--- Task requirements ---
From the listing below, reproduce exactly the lines starting with the one with "Milani Baked Blush" and going on through the one with "Logo Designer de Unhas Estiloso Rosa", both ends kept. No picture is copied.

--- Records provided ---
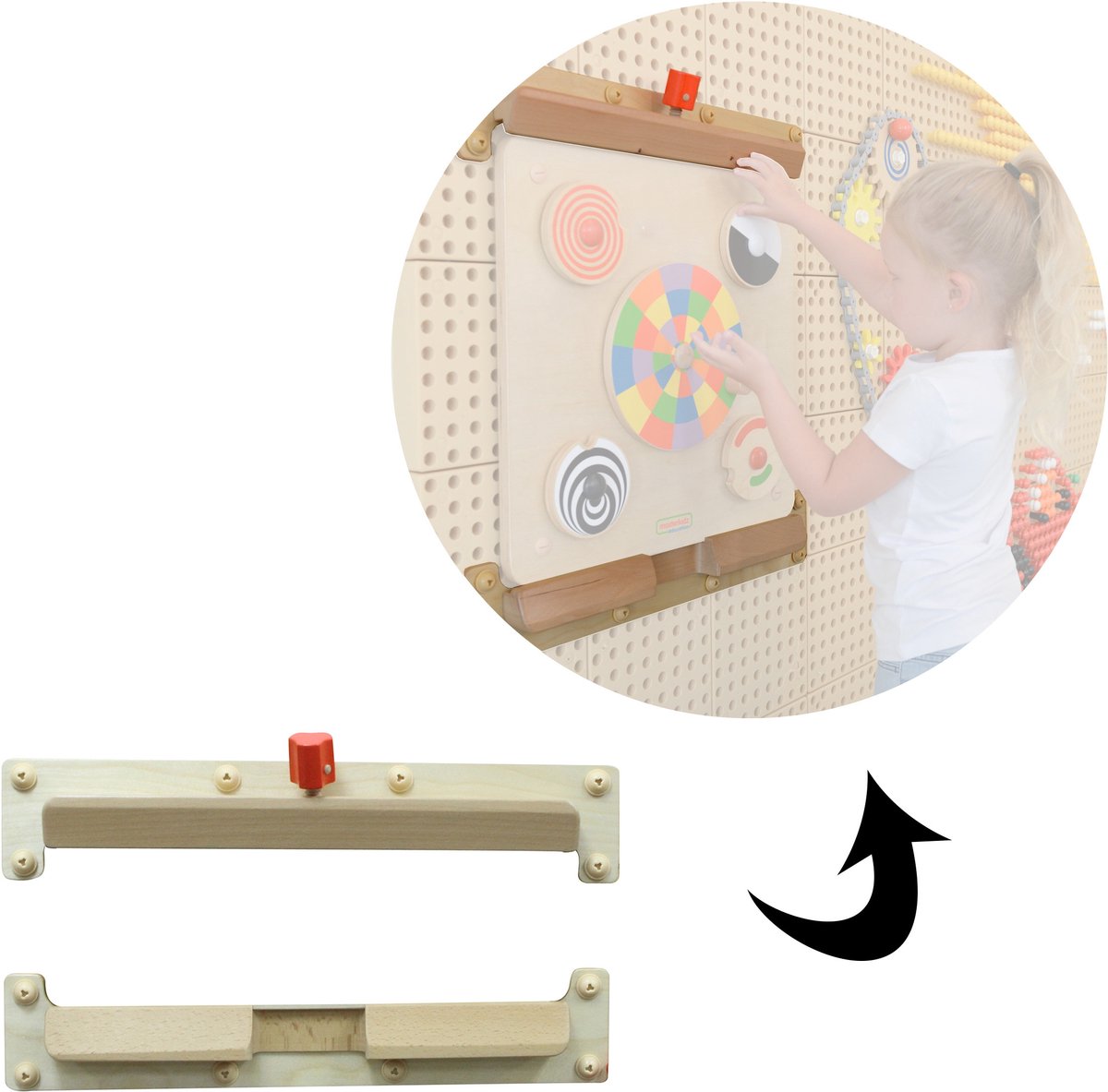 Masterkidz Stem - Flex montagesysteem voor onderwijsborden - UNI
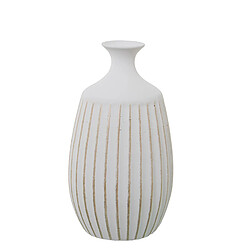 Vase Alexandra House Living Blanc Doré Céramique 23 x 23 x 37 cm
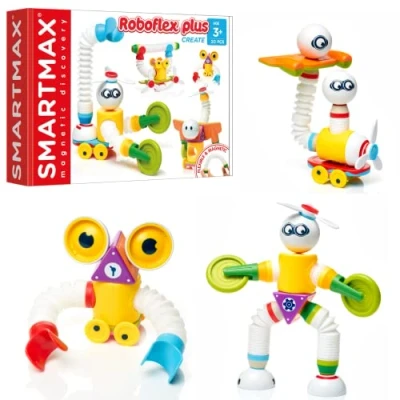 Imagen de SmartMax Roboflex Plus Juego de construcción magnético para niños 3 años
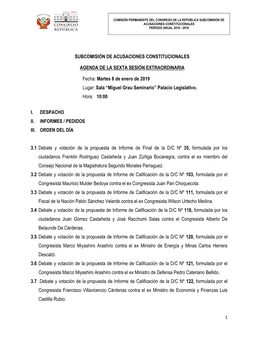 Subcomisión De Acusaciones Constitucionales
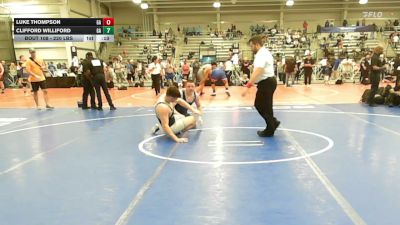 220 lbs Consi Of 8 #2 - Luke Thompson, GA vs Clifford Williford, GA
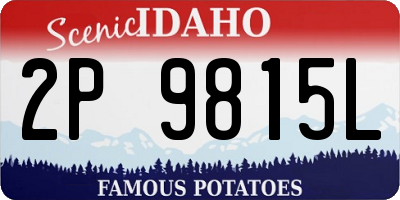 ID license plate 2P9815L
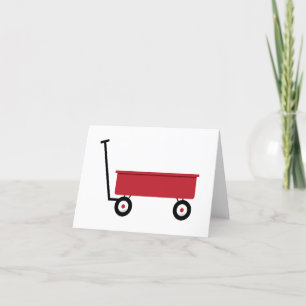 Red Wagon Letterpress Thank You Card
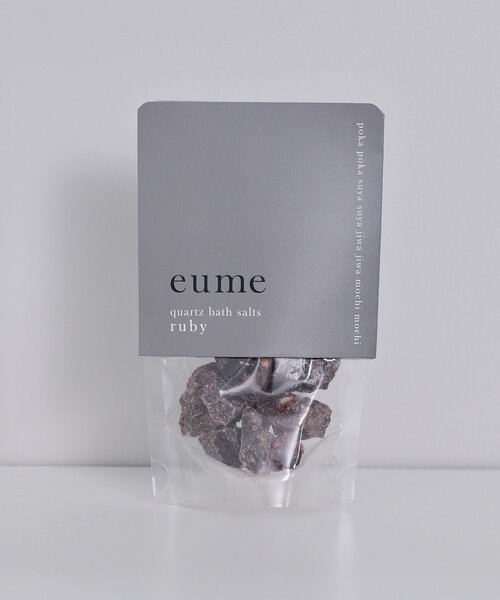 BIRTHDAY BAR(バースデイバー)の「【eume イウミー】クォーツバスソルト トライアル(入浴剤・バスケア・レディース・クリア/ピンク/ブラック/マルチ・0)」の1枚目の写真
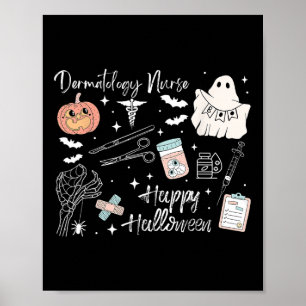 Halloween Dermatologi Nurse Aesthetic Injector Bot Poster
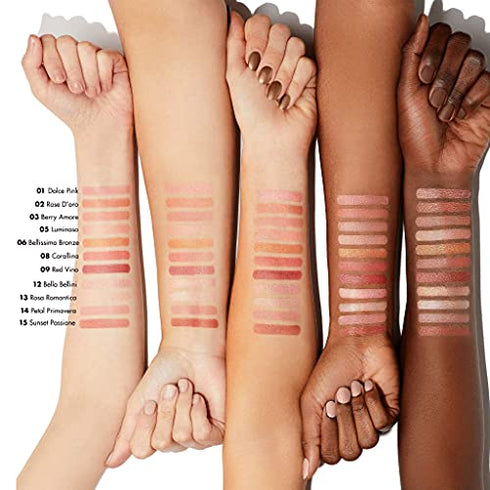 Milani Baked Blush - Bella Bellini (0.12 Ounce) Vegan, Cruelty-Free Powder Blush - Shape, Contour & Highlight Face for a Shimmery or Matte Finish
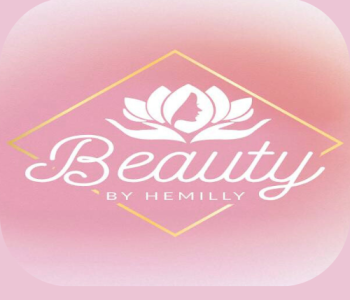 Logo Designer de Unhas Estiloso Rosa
--
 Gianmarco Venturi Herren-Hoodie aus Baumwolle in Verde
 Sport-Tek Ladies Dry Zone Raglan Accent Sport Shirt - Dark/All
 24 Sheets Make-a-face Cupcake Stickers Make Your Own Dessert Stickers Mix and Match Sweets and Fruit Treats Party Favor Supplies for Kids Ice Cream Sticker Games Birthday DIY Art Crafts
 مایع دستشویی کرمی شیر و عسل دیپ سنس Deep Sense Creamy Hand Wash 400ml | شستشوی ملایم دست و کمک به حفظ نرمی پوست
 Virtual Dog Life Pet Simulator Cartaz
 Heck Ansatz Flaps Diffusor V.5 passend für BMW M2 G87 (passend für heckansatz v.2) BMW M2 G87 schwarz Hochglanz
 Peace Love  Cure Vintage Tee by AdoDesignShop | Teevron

--- Finished exercise ---
 Milani Baked Blush - Bella Bellini (0.12 Ounce) Vegan, Cruelty-Free Powder Blush - Shape, Contour & Highlight Face for a Shimmery or Matte Finish
 Logo Designer de Unhas Estiloso Rosa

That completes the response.